The image above comes from the average of twelve, 300-seconds exposures, unfiltered, remotely taken with “Elena” (PlaneWave 17″+Paramount ME+SBIG STL-6303E) robotic unit available at Virtual Telescope. SN 2020ees is indicated by an arrow in the upper left insert.
The host spiral galaxy, NGC 5157, is placed at about 400 millions of light years from us and it shows a clear barred structure. As for the supernova, we estimated SN 2020ees as bright as mag. 16.3 (unfiltered, R-mags for the reference stars from the Gaia DR1 star catalogue). This transient was discovered on 5 Mar. 2020 by the Asteroid Terrestrial-impact Last Alert System (ATLAS) group and it is a type Ia supernova.
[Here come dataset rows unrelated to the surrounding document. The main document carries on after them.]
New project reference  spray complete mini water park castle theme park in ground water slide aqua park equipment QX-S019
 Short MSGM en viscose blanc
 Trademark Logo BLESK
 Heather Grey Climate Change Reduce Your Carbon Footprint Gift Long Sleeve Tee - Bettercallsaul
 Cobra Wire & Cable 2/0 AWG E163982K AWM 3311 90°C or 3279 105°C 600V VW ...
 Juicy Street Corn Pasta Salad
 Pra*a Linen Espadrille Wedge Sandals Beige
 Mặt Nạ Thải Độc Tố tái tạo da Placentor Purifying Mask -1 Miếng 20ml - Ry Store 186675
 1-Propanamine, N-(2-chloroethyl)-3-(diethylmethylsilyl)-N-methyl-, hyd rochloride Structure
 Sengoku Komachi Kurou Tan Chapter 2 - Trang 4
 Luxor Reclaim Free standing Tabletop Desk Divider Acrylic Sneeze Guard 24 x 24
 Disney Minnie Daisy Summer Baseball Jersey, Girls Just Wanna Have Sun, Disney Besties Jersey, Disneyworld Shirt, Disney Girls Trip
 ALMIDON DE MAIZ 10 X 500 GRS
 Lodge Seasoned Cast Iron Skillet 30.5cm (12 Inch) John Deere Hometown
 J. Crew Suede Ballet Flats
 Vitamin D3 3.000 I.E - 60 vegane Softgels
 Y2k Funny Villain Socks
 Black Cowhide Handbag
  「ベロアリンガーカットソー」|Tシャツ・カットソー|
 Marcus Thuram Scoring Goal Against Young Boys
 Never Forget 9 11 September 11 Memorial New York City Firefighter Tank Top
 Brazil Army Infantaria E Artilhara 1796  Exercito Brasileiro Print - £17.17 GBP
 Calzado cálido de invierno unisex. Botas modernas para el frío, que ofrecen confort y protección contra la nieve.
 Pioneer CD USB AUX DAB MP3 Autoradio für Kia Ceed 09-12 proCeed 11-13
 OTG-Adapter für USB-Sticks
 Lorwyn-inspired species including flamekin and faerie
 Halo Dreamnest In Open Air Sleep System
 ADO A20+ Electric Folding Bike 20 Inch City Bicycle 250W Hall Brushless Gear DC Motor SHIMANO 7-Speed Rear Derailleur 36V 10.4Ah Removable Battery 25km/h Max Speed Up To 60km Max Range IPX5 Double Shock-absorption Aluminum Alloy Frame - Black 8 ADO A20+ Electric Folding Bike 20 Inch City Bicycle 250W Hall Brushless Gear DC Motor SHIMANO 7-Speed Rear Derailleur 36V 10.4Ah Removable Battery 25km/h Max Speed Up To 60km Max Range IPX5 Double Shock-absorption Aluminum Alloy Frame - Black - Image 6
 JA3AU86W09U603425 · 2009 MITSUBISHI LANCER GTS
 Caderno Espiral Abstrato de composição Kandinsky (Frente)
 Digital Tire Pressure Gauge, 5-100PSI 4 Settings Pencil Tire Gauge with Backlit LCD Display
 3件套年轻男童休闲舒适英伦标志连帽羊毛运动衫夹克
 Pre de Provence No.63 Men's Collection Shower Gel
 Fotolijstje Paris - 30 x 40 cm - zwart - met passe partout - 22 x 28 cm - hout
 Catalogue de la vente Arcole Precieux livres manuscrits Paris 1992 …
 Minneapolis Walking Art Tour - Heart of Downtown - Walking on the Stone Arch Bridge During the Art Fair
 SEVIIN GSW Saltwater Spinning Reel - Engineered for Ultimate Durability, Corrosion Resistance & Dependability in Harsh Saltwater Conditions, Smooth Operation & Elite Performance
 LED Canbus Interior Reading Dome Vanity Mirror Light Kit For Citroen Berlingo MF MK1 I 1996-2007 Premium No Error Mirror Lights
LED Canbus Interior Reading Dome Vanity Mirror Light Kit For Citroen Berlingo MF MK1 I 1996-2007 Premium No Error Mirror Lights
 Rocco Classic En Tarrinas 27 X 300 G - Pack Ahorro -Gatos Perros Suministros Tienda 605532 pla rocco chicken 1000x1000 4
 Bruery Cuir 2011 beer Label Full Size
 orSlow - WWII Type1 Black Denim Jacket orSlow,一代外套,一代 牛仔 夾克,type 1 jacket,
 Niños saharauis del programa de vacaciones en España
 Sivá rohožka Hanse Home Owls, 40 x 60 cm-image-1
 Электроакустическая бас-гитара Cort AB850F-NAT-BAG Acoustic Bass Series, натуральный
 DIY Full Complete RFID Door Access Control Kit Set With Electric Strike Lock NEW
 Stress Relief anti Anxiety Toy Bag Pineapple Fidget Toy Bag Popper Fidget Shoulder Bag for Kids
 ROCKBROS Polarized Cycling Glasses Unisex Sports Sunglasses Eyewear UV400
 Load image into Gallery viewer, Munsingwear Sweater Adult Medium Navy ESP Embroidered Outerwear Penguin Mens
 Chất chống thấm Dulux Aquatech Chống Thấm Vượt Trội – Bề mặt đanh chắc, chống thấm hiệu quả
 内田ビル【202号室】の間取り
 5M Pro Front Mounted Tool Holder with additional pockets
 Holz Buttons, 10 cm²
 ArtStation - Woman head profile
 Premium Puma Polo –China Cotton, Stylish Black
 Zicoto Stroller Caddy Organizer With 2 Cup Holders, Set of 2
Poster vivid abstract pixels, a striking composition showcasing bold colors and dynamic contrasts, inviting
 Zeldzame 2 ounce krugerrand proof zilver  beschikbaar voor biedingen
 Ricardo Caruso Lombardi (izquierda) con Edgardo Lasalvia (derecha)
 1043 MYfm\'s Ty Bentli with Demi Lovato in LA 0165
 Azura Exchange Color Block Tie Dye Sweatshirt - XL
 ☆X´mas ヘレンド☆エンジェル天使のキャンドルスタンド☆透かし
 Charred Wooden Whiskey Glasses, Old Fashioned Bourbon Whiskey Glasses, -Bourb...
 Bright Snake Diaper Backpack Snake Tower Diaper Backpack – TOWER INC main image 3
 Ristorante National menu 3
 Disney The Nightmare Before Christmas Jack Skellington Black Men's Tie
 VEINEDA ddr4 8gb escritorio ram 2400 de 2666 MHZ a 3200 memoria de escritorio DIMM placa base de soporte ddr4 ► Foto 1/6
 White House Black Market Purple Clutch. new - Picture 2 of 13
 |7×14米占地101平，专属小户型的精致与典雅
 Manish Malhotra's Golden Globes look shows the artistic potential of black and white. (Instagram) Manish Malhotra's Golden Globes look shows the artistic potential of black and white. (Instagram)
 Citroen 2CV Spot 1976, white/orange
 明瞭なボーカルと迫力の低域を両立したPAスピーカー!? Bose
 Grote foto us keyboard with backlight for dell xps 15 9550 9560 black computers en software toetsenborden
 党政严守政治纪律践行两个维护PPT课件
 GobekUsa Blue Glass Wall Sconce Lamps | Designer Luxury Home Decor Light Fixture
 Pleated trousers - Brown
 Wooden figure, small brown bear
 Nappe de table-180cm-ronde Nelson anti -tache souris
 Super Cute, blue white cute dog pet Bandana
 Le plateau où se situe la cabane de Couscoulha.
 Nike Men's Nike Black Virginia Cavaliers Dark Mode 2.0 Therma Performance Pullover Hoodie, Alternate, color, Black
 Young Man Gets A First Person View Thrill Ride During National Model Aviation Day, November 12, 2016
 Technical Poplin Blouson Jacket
As you can see, there are many more galaxies all around: on the top, we see the edge-on galaxy NGC 5166, placed at about 200 millions of light years from us; on the bottom right, we see the spiral galaxy PGC 47093, at about 250 million so flight years from our Earth. But many, many small galaxies are there, visible as fuzzy spots of light, more or less evident.
Further observations ill follow, weather permitting.